Methods and Fabrication
The basis of the processing sequence is explained in detail in . We pre-structured the sacrificial layers on non-oxidized 4” silicon wafers lithographically by spin coating a positive photoresist, followed by UV exposure on a Karl Suss mask aligner MJB4 in hard contact mode, development, and wet chemical etching. NiTi is deposited from a 4” NiTi alloy target with an Alcatel 450 magnetron sputtering system up to a thickness of 35 µm (3.9 nm/s sputtering rate). The Ta layer is also sputter-deposited (between 10 and 20 µm thickness) and structured using a second lithography step. Subsequently, the device is annealed in a high-vacuum chamber in order to avoid oxidation during the annealing process. During heat treatment, the amorphous NiTi structure is crystallized to obtain superelasticity. Heat treatment was carried out by means of a halogen lamp-driven rapid thermal annealing system (Createc Fischer RTA-6 SY09). Mechanical characterization was performed in a ZwickRoell Z0.5 testing machine with 100 N force gauge and temperature chamber.

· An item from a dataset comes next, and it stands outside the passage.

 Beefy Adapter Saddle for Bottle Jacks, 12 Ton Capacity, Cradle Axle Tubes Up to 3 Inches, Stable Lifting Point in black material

A self-built micro tensile tester consisting of an actuator (Pi M226-26S) and a Dysinet load cell DS011A9-100 N was mounted under a Zeiss Axiomat polarization microscope which enabled the simultaneous acquisition of stress–strain curves and surface images of the tensile specimen. A Gamry interface 1000 potentiostat was used for corrosion tests. The latter was conducted in Hanks’ solution using a three-electrode setup with a platinum sheet (7 mm × 40 mm) as counter electrode and a Ag/AgCl reference electrode (Haber–Luggin capillary), in accordance to ASTM standard . A constant temperature of 37 °C and a constant pH value of 7.4 were maintained throughout the experiment, the latter was controlled using a carbon dioxide–sodium bicarbonate (0.35 g/l) buffer system. A more detailed description of the corrosion setup can be found in . XRD investigations of sputtered Ta films were performed with a Seifert XRD 3003 4-circle system with Cu Kα radiation. The X-ray visibility tests were performed with a Siemens Fluorospot compact.
Results and Discussion
For X-ray visibility tests, test structures as shown in the inset of Fig. 2 were fabricated, with three rows of Ta dots with increasing diameter (from left to right), followed by three stripes. Three different Ta thicknesses (10, 15, and 20 µm) were deposited. The Ta pattern is visible in all three radiographs; however, they become more distinct with increasing Ta thickness. For 20-µm Ta, the pattern can be clearly recognized, also by the difference in gray value. For image analysis, squares of 300 × 300 pixels have been extracted, and the difference between the mean gray value of the image and a rectangular area, ranging from left to right, containing the NiTi–Ta test pad, was calculated. Brightness and contrast of the original X-ray image were not changed. As expected, the difference in gray value increases with increasing Ta thickness and reaches ~15% for 20-µm Ta structures. Figure 2c shows the same behavior for 10-µm-thick NiTi stent structures. Without Ta, this stent structure is invisible in the radiograph. Ta in rectangular shapes (20 µm × 300 µm, ~600 rectangles) was deposited on certain areas of the stent struts, again with different Ta thicknesses of 10, 15, and 20 µm. The radiographs show the increasing radiopacity of the multilayer stents.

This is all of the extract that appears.